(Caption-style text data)
Start of Block
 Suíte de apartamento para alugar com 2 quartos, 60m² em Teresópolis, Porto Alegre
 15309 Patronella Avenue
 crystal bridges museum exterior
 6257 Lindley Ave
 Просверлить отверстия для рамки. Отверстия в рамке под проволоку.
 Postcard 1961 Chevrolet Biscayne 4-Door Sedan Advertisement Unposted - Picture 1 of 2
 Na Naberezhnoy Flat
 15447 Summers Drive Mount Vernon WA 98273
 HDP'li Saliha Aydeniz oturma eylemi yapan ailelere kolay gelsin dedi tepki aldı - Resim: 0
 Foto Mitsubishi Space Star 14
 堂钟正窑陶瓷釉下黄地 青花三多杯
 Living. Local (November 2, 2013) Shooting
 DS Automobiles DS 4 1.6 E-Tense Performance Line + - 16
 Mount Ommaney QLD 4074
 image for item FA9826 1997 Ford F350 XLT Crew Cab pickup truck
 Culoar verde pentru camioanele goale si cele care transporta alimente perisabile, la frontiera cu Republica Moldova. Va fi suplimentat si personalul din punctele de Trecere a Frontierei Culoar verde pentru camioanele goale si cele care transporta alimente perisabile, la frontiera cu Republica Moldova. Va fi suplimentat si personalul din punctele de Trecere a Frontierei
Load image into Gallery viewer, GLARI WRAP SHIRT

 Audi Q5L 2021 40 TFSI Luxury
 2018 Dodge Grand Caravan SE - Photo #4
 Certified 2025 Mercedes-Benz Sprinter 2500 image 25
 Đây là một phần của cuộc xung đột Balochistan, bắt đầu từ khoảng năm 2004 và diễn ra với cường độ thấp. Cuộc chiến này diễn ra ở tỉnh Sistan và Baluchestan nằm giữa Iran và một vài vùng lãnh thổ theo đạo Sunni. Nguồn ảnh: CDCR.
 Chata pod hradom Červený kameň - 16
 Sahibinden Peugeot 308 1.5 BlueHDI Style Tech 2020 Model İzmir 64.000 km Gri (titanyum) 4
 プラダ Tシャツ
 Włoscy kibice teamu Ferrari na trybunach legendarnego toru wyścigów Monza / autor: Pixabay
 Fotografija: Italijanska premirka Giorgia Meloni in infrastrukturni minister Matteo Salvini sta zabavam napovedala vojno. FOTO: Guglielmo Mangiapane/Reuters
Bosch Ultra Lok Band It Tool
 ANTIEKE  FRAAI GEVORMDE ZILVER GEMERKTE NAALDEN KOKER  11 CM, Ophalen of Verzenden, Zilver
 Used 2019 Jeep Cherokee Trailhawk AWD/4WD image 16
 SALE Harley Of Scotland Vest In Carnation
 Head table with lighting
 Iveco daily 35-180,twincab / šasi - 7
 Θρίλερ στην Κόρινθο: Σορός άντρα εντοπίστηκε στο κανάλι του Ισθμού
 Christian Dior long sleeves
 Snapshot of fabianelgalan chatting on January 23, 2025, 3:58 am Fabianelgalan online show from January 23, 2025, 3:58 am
End of Block
- _Assignment_:
Isolate the lines above that contain the word "image" and copy them.

- _Answer below_:
 image for item FA9826 1997 Ford F350 XLT Crew Cab pickup truck
Load image into Gallery viewer, GLARI WRAP SHIRT
 Certified 2025 Mercedes-Benz Sprinter 2500 image 25
 Used 2019 Jeep Cherokee Trailhawk AWD/4WD image 16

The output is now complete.